■ Assigned task: In this exercise, print only the lines of the records below from the one with "Friends enjoying casino" through the one with "National Cash Register", inclusive. Pictures are not part of the copy.

■ Material for this exercise:
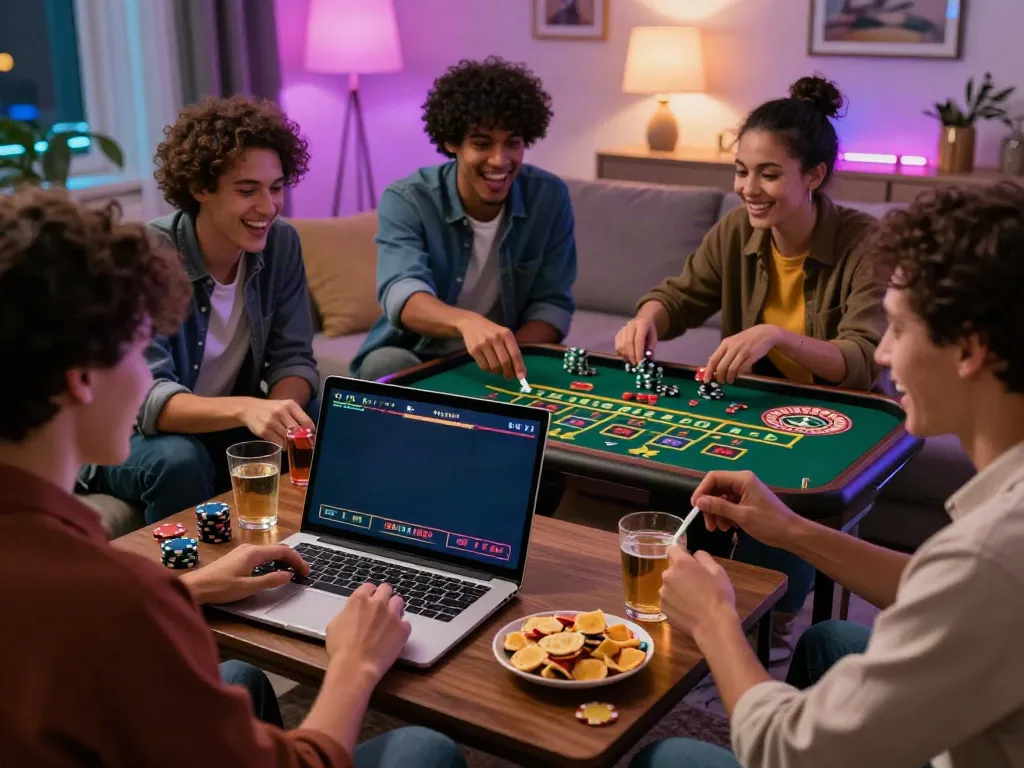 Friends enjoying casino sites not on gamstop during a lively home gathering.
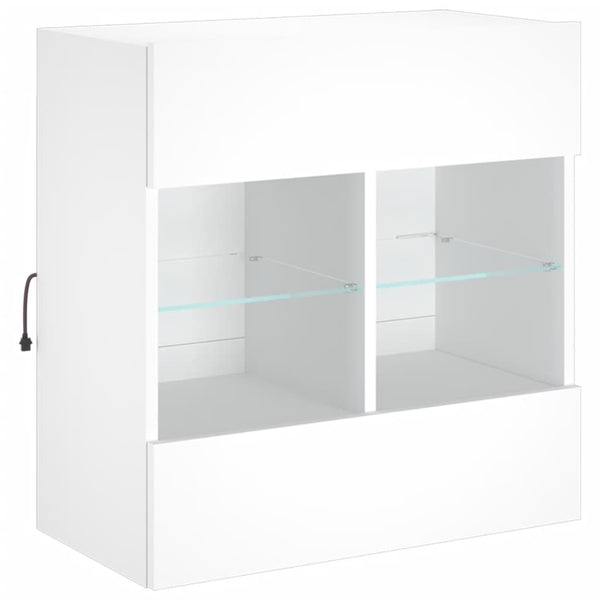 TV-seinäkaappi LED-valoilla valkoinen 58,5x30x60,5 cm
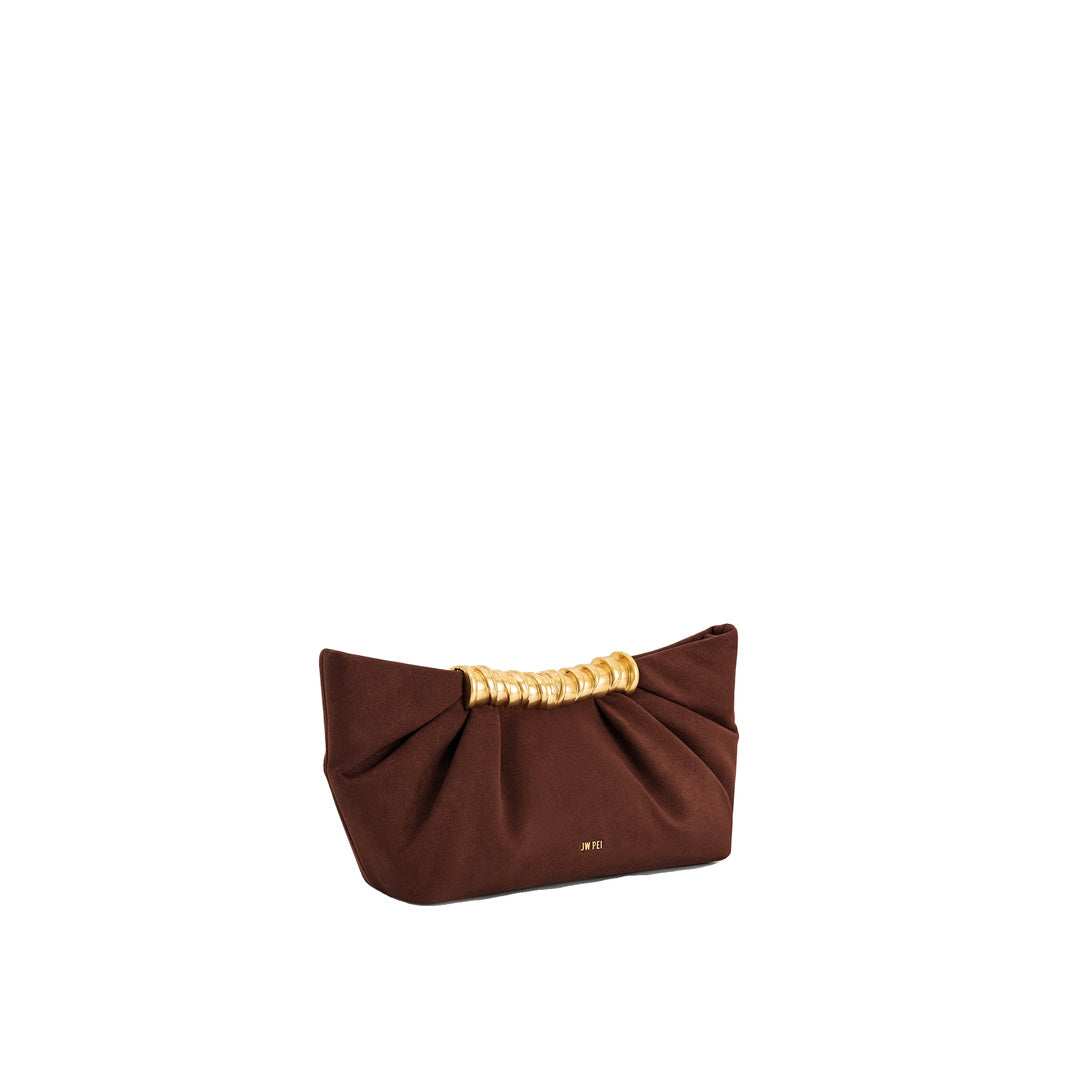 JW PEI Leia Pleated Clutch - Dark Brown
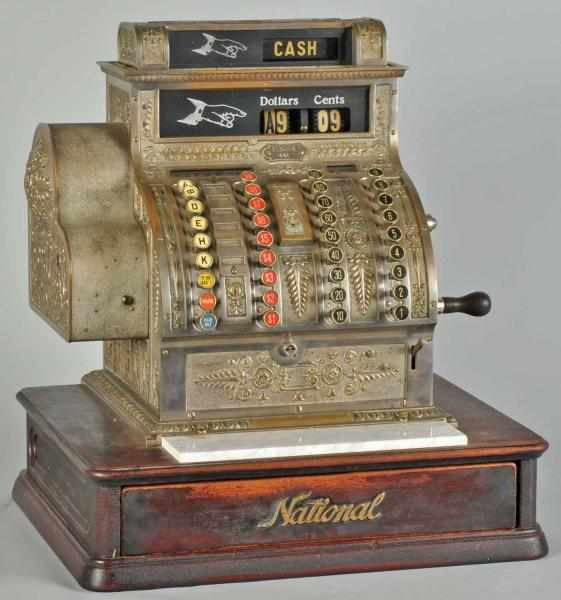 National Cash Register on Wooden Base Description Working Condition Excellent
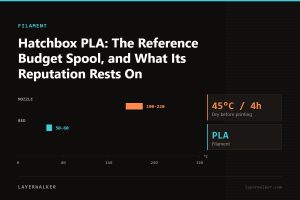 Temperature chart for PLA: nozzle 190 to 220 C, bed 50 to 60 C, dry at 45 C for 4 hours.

--

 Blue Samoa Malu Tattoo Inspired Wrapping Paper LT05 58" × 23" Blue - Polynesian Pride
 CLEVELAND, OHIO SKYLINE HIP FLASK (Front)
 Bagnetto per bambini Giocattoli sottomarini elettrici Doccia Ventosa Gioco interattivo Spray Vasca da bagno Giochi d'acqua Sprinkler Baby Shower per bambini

* * *

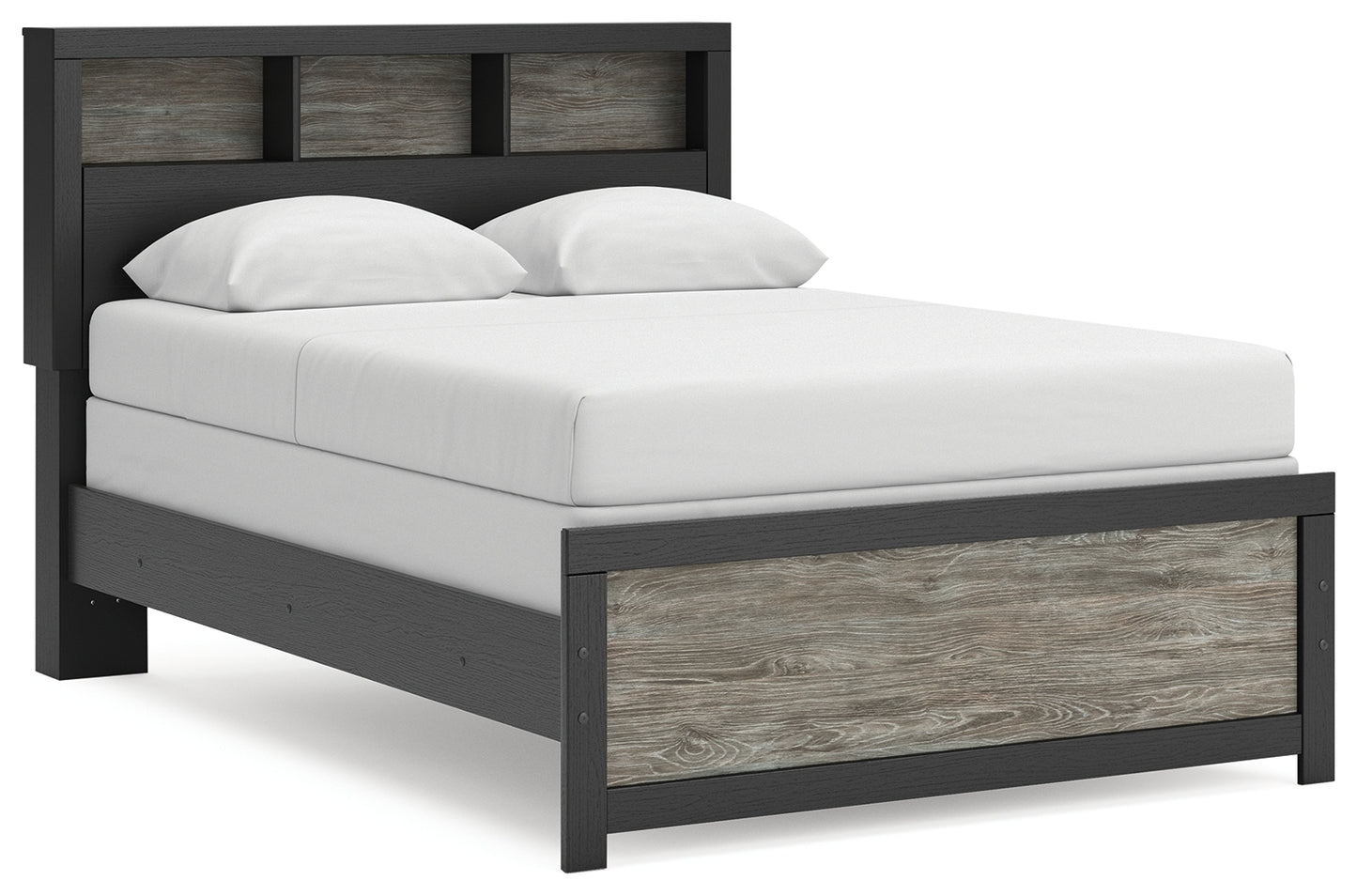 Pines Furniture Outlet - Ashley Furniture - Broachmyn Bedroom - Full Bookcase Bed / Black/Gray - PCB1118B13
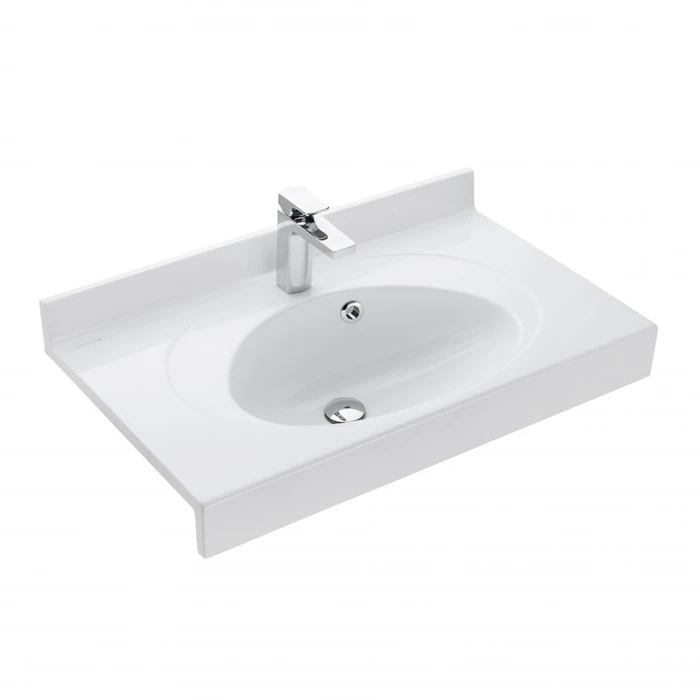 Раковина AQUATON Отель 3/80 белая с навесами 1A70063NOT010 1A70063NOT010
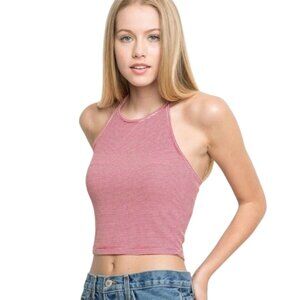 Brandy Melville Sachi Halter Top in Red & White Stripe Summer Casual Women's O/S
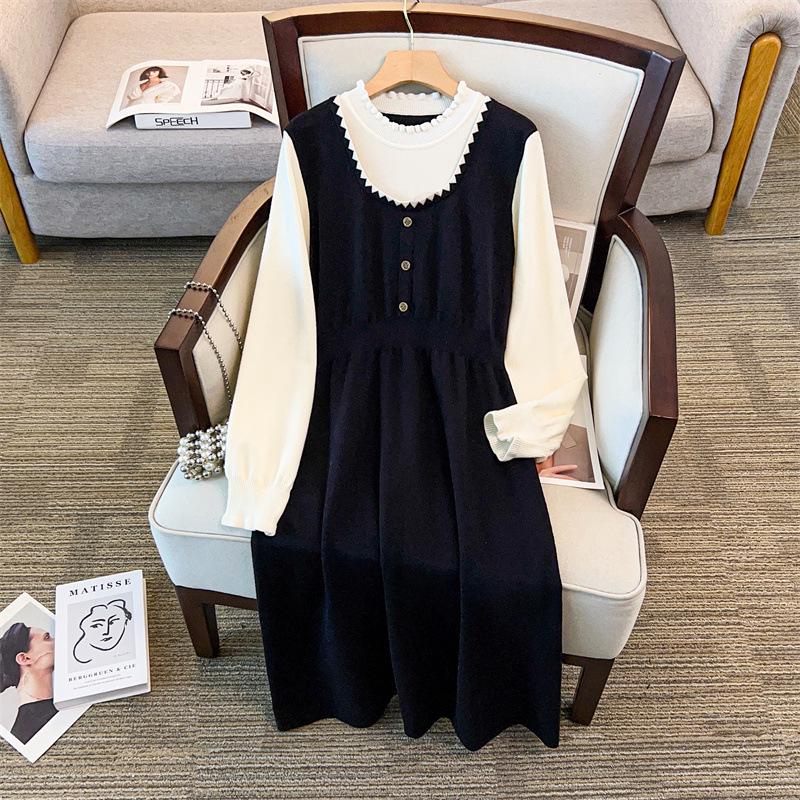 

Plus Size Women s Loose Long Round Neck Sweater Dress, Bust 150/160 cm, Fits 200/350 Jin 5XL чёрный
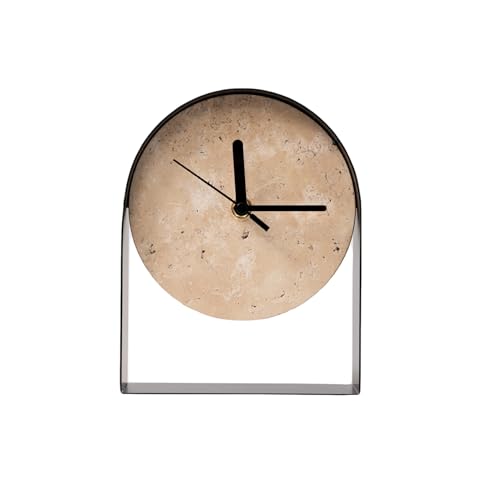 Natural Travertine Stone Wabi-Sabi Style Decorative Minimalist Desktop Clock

■ Exercise result:
 Friends enjoying casino sites not on gamstop during a lively home gathering.
 TV-seinäkaappi LED-valoilla valkoinen 58,5x30x60,5 cm
 JW PEI Leia Pleated Clutch - Dark Brown
 National Cash Register on Wooden Base Description Working Condition Excellent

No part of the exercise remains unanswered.